If you like a girl and you want to talk to her after class, here’s a decent angle that can work if executed properly. (Ideally, you were situated somewhere close to her in class) Go up, be subtle and say something like, “Can I ask you a dumb yoga question? (Of course she’ll say yes, you seemed sincere) Then ask her a question about a pose you did in class. I.e., when the teacher had us do ‘x’, I was a bit lost. Is there a trick to it? You looked like you knew what your were doing and I was pretty hopeless” Now you see why it’s best if you were near her in class. How cute are you? Just be low-key and you might just pull it off!

Don’t worry if you’re not flexible

Everyone starts off saying they can’t do yoga because they’re not flexible. Guys, this is the one time you have the advantage – no one expects you to be a) flexible or b) good at yoga. Here’s a tip, stick to the basic pose. Remember the dance scene in Hitch with Albert? “This is where you live”. Don’t try to keep up with the girl next to you. Trust me, she was probably a gymnast in high school and will be waaaay more impressed with your restraint and lack of grunting. Bonus…you won’t pull a hamstring.

“This is where you live!”

Best uniform

We all love lululemon, but to be honest, they’re actually not the best pair of shorts for yoga. They’re good and they’ll do, but if you want to breeze through your class (and look cute doing it) then go for a stretchy board short like Hurley’s Phantom. You can get them on sale here at Zappos for around $50. I’m sure you can find cheaper if you dig. Buy 2-3 pairs unless you plan on lots of laundry (Remember step 2). Most girls agree, boys look hot in boardies!

Hurley Phantoms – look good & functional!

Best accessory 1

Spend the money on a good yoga mat.  My absolute favorite is the Manduka PROlite.

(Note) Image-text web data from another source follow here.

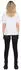 Only Onllara S/S Boxy Tee JRS 3/4-Arm-Shirt (15081750) all white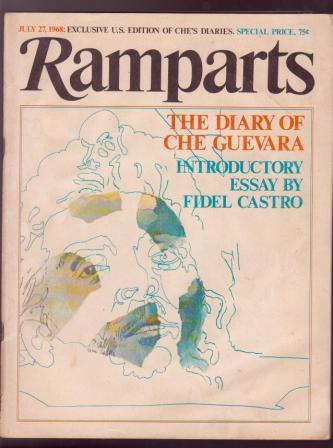Ramparts / July 27, 1968/ The Diary of Che Guevara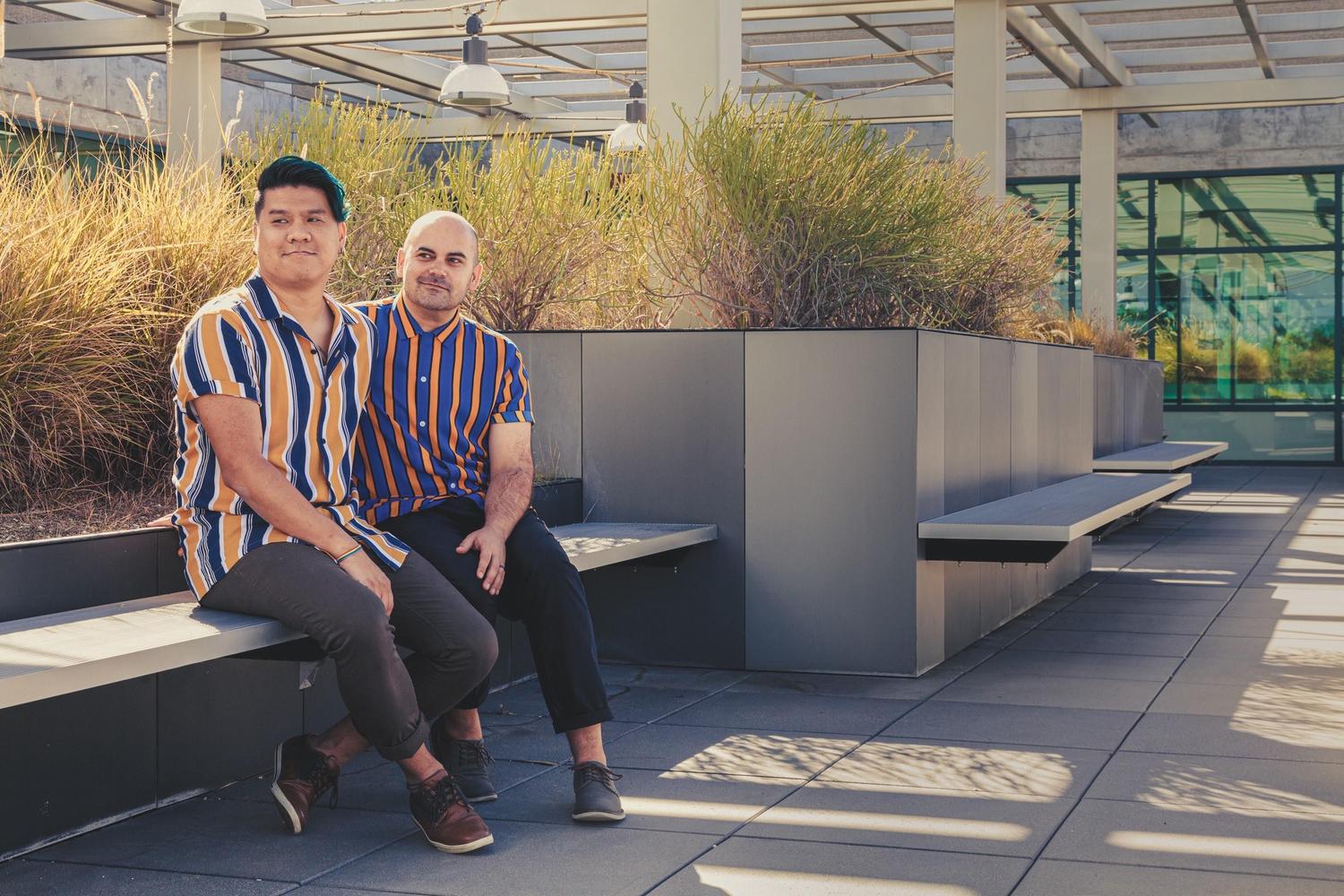 The Wedding Website of Chris Roach and Zac Nguyen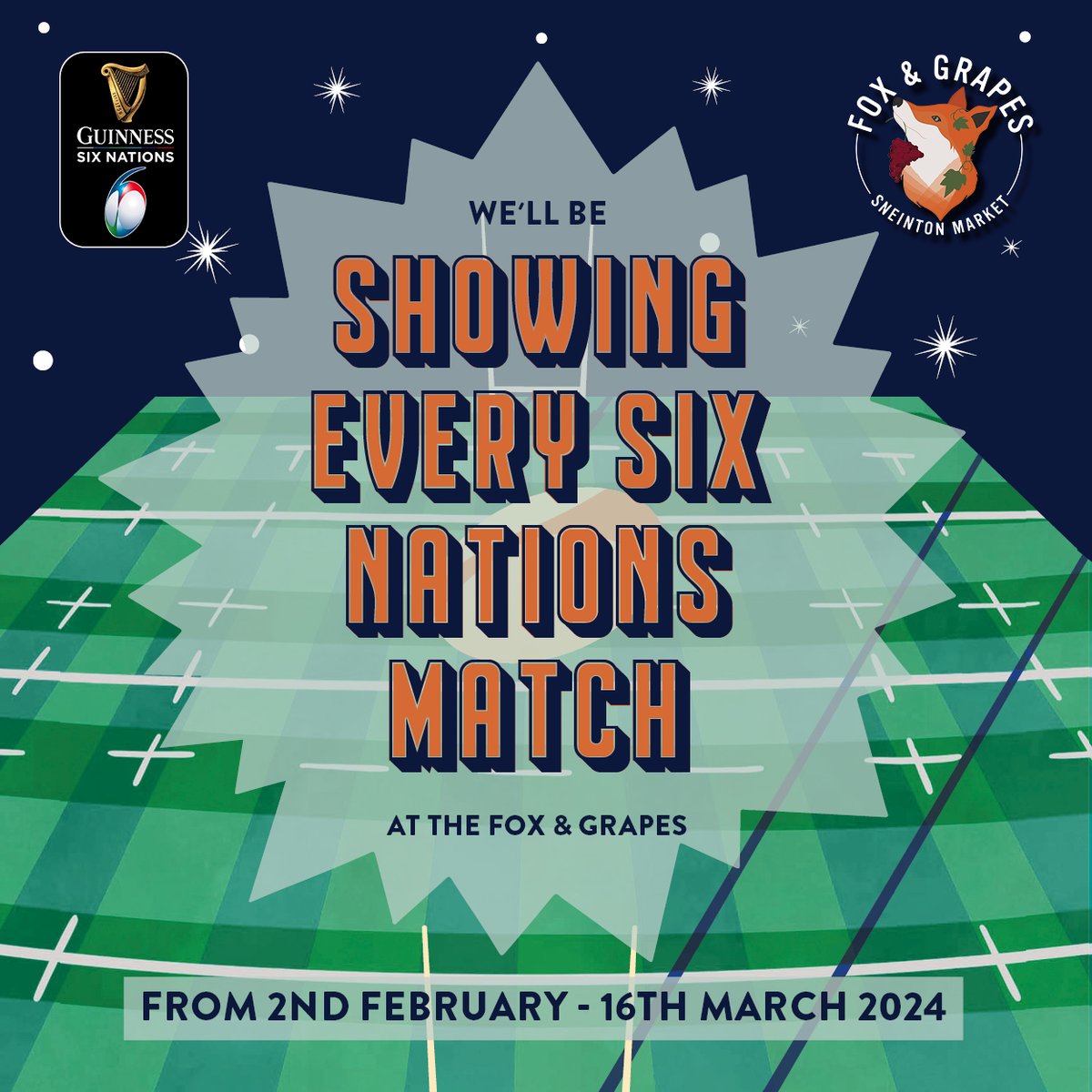 The Six Nations is back!

Watch every minute of every game here with us.

Today: Ireland v Wales 14:15
               Scotland v England 16:45

Tomorrow: France v Italy 15:00

#GuinnessSixNations #sport #livesport #comeonengland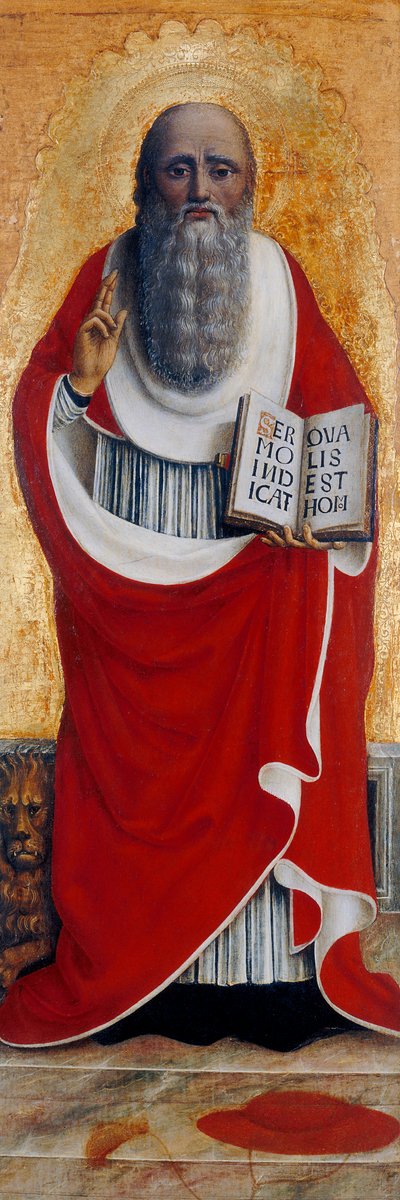 St. Jerome by Nicolò Il Lombarducio (attr.to) Corso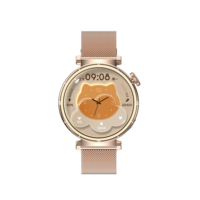 Elegante Unisex Smartwatch mit NFC, Volltouchscreen und Langer Akkulaufzeit für Fitness, Musik und Täglichen Gebrauch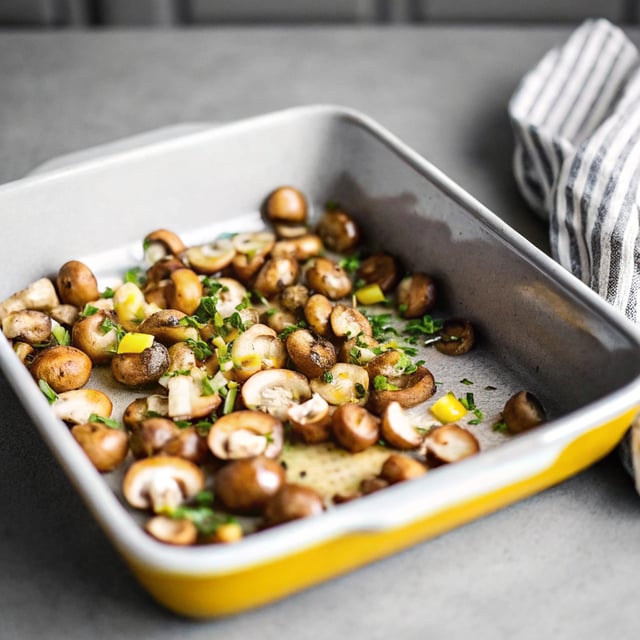 Easy Marinated Mushrooms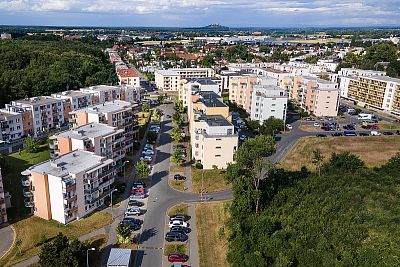 Quiet living 3+kk with the centre at your fingertips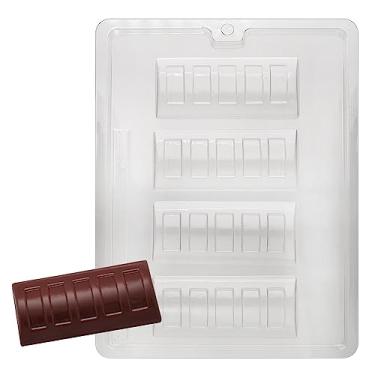 Imagem de Cybrtrayd Life of the Party AO048 Bar Todas as ocasioes Molde para bombons de chocolate em saco plastico de protecao lacrado com instrucoes de moldagem Cybrtrayd com direitos autorais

It keeps you from slipping and sliding. You can get them here on Amazon for about $62 (free shipping). It sounds pricey, but it’ll last you at least 2 years. You’ll easily blow through 2-3 $30 mats in this timeframe.

Manduka PROlite mat

Best accessory 2

I know it’s crazy to pay $35+ for a yoga towel, but if you sweat a lot, it’s probably worth it. It fits to your mat and absorbs everything so you don’t slip and slide your way through class. Yogi Toes and Manduka both make good ones. You can find them on sale at Amazon here. Just get the weird color – it doesn’t matter!

Manduka mat towel – it works great if you’re a sweat-er!

All right, this ought to see you through the first month in yoga. Let me know how it goes. If my pick up line worked, you simply must tell me, I’d be so excited. Conversely, if you bomb or think any of the above is off the mark I’m all ears! Now go do some yoga, you cute boys!!!!